Abstract Introduction: Multiple myeloma (MM) is a hematologic malignancy characterized by the clonal proliferation of monoclonal protein-producing plasma cells and can cause immunoglobulin light chain (AL) amyloidosis. Although MM-associated AL amyloidosis is rare, it can significantly increase patient mortality, as its various non-specific symptoms can delay diagnosis and treatment. Patient concerns: A 77-year-old female patient visited a renal clinic with complaints of generalized edema and dyspnea (New York Heart Association class III) persisting for three weeks. The patient had hypoalbuminemia, mild anemia, and nephrotic-range proteinuria. Echocardiography revealed concentric hypertrophy of the left ventricle and sparkling textures in the myocardium. Serum protein immunofixation revealed monoclonal gammopathy of immunoglobulin G/lambda light chain. A bone marrow biopsy showed 30% plasmacytosis scattered with cluster of differentiation 138-positive plasma cells. A kidney biopsy demonstrated a mesangial matrix positive for Congo red staining and deposition of amyloid fibrils on electron microscopy.
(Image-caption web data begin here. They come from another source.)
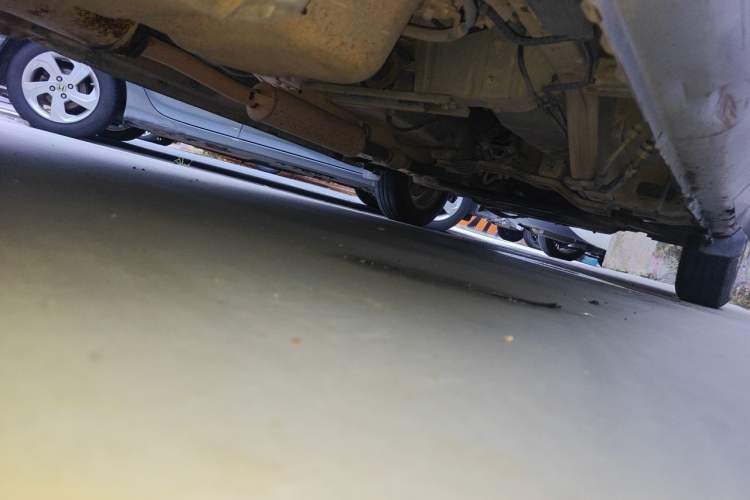 Used Wuling Rongguang V 2015 1.5L Standard Version Chassis Rear Right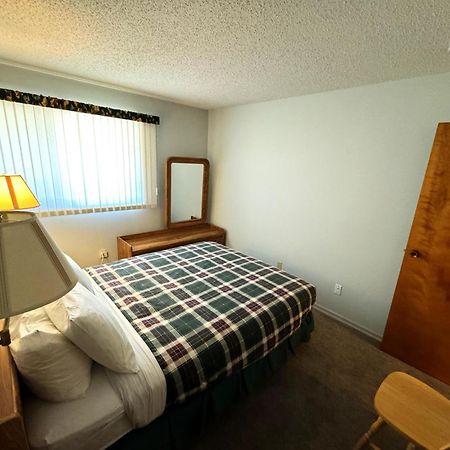 The Griz Inn By Park Vacation Management Fernie Exterior photo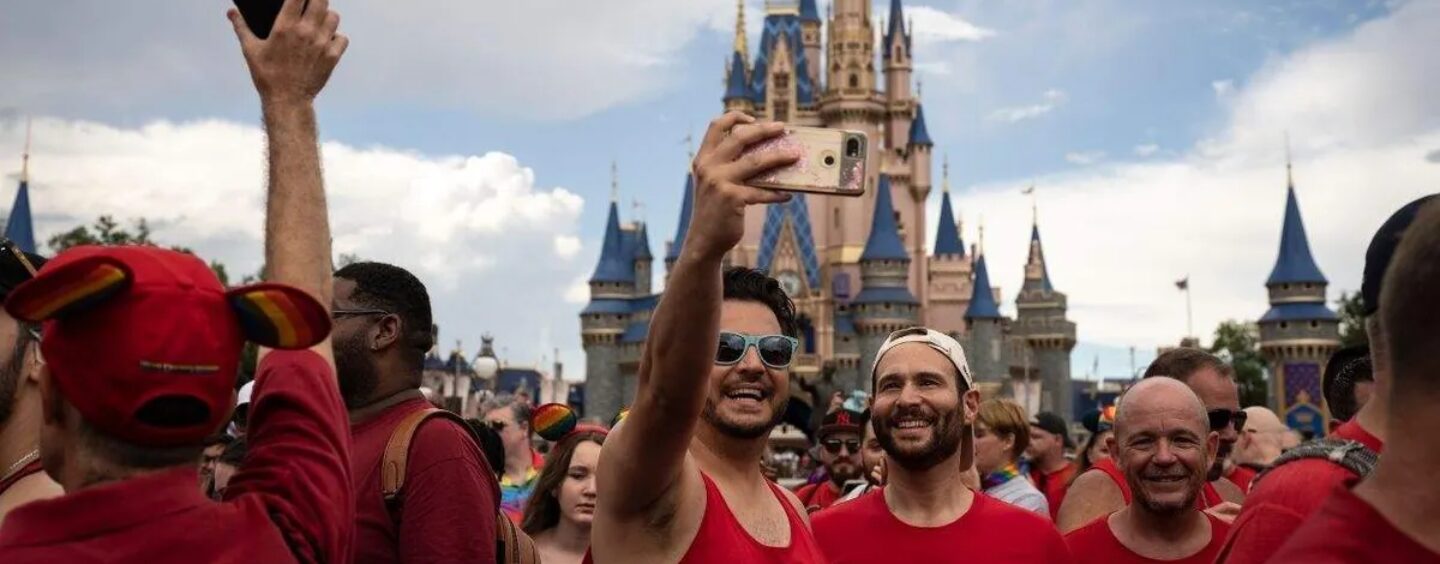 Gay Days Orlando annulé, en raison des pertes de sponsors et des pressions croissantes sur les rassemblements LGBTQ+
Sensorimotor polyneuropathy was noted on the nerve conduction studies of both lower extremities. Diagnosis: The patient was diagnosed with heart failure, nephrotic syndrome, and peripheral neuropathy caused by MM-associated AL amyloidosis. Interventions: She was given supportive treatment upon admission, including administration of diuretics, albumin, and vasopressors, followed by combination chemotherapy (melphalan and dexamethasone). Outcomes: The patient's condition deteriorated due to heart failure and azotemia. She died from multiple organ failure on the 28th day of hospitalization. Conclusion: MM-associated AL amyloidosis can rapidly progress to fatal multiple organ failure. Therefore, if AL amyloidosis is suspected in patients with MM, prompt assessment of organ dysfunction and early initiation of intensive care including proper chemotherapy are required.